Re: [BUG] perf stat: useless output for raw events with new eventparser

From: Peter Zijlstra
Date: Thu Apr 26 2012 - 06:27:21 EST


On Mon, 2012-04-23 at 13:17 +0200, Stephane Eranian wrote:
> On Mon, Apr 23, 2012 at 12:48 PM, Peter Zijlstra <peterz@xxxxxxxxxxxxx> wrote:
> > On Mon, 2012-04-23 at 12:45 +0200, Stephane Eranian wrote:
> >> Hi,
> >>
> >> With the new event parser, one can express raw events field by field:
> >>
> >> $ perf stat -e cpu/event=0x3c,umask=0x0/,cpu/event=0xc5,umask=0x0/ noploop 1
> >>
> >> The problem with this is that the output of perf stat becomes useless:
> >>
> >> $ perf stat -e cpu/event=0x3c,umask=0x0/,cpu/event=0xc5,umask=0x0/ noploop 1
> >> noploop for 1 seconds
> >>
> >> Performance counter stats for 'noploop 1':
> >>
> >> 2395038678 pmu
> >> 10787 pmu
> >> ^^^^^^
> >> 1.000802603 seconds time elapsed
> >
> > Yeah, I already complained about that.. Jolsa proposed adding a name=
> > parameter so you could explicitly name your events. I think I've seen a
> > patch adding that, but can't atm seem to locate it.
> >
> If the proposed solution is to add a pseudo field called "name", then I don't
> see the point of this new parser compared to directly using my libpfm4
> library which already allows:
>
> perf stat -e inst_retired:any,wsm_unc:unc_cycles:u ...
> And
> perf record -e instr_retired:period=200000,cpu_clk_unhalted:freq=100 ...
>
> If you have to make up names, you might as well, use the actual PMU
> event names, but if you do so, why would you have to bother breaking
> down the encoding into fields?

I'd like to use the event names, but really, when you do:

cpu/event=instructions_retired,inv,cmask=16/

is it still instructions_retired?

In SFO we spoke about exporting those event tables you have in libpfm4
in some structured file format so that we both might use them, the
primary difficulty in that (IIRC) was the umask constraints per event.

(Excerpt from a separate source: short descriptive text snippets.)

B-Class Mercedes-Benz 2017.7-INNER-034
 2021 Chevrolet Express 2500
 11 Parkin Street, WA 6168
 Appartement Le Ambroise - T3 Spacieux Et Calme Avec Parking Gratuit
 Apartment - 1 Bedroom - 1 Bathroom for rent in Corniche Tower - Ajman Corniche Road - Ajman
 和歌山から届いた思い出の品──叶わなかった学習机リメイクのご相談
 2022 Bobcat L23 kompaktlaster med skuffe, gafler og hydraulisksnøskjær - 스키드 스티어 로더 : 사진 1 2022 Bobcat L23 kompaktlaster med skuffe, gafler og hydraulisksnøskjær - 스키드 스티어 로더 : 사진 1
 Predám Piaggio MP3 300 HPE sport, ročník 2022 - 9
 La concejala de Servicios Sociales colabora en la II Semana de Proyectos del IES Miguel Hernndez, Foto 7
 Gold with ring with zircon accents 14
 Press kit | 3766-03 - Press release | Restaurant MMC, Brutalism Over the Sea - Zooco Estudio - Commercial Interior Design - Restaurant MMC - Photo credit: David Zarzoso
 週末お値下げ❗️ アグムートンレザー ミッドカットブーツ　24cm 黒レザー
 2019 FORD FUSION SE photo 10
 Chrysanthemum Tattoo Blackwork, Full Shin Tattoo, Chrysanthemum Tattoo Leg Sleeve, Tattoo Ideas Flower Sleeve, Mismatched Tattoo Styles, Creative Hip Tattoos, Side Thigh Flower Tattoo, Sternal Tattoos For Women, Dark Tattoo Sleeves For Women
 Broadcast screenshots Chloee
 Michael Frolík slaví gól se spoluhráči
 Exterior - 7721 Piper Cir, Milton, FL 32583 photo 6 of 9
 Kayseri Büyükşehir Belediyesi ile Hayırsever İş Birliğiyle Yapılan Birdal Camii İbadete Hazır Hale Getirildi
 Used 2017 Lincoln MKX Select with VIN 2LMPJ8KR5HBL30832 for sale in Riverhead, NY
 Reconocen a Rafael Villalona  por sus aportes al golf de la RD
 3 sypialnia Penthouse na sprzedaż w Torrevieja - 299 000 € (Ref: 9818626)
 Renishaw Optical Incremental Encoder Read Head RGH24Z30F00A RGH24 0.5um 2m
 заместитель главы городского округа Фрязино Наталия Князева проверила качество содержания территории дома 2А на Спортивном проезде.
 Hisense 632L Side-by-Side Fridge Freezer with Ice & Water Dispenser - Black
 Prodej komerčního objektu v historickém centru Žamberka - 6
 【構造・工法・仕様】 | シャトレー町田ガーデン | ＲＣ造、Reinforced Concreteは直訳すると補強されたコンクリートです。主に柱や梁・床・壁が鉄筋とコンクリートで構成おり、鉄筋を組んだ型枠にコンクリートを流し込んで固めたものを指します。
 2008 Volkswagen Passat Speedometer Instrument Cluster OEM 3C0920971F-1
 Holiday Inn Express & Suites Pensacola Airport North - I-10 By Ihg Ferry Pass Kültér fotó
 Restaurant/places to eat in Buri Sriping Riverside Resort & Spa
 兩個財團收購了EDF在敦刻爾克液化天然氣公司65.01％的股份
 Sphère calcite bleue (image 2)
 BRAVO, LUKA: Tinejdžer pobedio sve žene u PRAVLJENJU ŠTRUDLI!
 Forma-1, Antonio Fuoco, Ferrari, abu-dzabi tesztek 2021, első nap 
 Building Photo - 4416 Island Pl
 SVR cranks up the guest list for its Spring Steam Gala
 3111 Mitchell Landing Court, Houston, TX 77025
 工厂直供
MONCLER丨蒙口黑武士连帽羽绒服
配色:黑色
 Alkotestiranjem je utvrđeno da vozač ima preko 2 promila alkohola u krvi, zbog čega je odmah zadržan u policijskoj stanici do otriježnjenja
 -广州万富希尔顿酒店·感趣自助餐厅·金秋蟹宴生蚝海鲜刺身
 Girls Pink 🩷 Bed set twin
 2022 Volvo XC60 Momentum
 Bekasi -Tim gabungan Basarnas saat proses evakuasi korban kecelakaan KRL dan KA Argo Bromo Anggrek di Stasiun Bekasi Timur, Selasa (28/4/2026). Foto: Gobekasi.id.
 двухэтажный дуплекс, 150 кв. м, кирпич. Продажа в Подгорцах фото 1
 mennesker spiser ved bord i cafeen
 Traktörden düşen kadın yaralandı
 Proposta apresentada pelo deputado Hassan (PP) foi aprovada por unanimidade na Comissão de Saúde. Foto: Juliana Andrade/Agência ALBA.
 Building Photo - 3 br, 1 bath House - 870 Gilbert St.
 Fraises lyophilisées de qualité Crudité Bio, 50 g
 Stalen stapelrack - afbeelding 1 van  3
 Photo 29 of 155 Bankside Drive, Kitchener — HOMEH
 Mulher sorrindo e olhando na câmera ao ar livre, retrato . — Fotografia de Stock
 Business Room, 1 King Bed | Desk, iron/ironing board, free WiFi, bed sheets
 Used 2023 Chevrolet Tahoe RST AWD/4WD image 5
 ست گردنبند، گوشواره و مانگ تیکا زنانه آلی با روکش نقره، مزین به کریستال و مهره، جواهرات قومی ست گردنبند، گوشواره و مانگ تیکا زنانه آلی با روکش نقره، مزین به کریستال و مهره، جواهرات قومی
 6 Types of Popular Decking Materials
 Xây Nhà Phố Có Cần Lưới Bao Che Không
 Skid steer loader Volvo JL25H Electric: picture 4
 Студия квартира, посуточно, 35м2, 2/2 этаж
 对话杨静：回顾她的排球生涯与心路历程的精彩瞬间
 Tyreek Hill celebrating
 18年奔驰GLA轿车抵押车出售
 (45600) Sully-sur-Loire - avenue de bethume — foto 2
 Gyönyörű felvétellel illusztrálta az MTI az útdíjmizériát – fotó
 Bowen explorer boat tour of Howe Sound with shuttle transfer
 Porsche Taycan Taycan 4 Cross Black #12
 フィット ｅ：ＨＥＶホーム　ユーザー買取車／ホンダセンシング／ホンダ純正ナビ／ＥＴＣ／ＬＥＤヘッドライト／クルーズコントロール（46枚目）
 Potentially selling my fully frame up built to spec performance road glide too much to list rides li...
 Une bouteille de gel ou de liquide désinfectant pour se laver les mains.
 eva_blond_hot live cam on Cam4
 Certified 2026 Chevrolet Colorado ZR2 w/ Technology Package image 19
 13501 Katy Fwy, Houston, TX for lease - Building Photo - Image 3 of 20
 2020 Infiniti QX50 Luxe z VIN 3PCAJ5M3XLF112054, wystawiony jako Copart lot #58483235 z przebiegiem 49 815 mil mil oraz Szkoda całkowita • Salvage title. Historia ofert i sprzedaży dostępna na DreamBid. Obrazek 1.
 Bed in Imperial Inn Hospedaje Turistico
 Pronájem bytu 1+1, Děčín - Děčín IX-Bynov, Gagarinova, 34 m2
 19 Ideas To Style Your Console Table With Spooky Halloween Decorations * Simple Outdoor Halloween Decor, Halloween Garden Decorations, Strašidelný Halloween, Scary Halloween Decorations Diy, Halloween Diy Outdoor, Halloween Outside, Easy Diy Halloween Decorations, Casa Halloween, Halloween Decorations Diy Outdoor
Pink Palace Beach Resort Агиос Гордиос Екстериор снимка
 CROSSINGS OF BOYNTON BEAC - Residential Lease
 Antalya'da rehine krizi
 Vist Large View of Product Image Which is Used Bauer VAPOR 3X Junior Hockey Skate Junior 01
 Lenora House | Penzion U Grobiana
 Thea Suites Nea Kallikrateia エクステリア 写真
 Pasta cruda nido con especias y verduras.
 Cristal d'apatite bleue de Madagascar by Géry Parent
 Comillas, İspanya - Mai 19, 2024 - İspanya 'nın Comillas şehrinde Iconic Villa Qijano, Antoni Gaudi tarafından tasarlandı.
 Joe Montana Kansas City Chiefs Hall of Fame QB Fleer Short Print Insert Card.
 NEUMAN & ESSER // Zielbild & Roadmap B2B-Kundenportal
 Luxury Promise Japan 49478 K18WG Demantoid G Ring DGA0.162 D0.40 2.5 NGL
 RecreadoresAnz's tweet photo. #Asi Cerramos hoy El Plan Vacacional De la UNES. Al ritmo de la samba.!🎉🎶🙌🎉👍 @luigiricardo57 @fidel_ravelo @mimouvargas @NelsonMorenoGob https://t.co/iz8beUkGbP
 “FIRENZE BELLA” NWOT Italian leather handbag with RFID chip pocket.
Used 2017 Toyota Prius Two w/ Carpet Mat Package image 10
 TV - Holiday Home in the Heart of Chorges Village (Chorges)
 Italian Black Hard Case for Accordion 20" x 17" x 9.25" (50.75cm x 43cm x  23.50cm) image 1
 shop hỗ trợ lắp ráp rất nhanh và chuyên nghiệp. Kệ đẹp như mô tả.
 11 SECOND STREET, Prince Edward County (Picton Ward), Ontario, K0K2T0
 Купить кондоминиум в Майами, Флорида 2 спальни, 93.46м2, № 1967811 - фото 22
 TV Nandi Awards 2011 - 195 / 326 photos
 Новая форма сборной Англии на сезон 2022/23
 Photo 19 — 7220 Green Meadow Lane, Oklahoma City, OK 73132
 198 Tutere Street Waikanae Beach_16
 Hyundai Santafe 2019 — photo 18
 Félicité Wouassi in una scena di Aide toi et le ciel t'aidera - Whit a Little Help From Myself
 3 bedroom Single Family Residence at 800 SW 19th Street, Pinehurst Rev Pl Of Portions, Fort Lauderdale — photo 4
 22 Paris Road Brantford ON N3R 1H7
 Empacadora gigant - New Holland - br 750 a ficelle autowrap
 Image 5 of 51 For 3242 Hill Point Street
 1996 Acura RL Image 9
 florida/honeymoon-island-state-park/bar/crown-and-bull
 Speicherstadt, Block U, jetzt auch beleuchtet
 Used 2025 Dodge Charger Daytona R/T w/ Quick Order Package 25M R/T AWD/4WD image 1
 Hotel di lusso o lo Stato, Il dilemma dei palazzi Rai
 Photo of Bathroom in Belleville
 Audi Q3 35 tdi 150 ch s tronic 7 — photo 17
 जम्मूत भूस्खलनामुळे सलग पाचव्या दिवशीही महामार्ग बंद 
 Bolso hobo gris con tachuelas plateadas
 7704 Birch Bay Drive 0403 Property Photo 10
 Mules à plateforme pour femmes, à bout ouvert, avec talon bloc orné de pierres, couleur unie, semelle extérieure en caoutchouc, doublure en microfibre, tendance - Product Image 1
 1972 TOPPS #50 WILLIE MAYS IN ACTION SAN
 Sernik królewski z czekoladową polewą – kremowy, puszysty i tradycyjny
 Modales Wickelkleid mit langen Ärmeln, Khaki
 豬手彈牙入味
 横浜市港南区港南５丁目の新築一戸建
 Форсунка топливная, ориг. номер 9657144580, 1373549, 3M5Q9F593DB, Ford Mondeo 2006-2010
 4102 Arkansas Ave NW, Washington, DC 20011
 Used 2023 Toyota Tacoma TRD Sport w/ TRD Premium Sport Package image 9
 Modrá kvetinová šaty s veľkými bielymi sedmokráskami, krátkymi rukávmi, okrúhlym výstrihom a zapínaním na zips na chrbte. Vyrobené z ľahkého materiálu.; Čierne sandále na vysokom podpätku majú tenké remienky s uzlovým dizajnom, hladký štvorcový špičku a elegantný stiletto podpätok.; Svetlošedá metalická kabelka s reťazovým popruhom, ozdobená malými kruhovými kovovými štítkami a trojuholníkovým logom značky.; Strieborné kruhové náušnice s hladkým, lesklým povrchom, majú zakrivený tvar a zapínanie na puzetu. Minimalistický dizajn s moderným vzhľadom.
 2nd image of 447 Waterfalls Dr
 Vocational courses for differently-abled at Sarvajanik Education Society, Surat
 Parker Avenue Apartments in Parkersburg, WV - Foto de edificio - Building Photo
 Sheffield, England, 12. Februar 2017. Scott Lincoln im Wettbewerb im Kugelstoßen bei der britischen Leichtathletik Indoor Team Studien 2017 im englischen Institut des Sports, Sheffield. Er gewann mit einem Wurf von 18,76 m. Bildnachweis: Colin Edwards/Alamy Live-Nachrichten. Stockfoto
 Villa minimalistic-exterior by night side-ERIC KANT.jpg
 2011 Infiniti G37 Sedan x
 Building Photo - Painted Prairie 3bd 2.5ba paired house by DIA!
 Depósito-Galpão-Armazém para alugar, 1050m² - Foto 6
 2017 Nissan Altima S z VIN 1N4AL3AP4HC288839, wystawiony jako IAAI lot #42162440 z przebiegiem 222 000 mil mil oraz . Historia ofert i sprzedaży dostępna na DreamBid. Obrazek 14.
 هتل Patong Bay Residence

I'm not too overly bothered by people specifying wrong events (at some
point they really had better know wth they're doing anyway), so can we
start with something that mostly works?

I've already spoken with Jiri about adding this before all this parser
stuff got implemented, so it should all be quite possible to add.

Furthermore, once we have a common format, we could even ask Intel/AMD
(and other vendors) to provide their data in this format.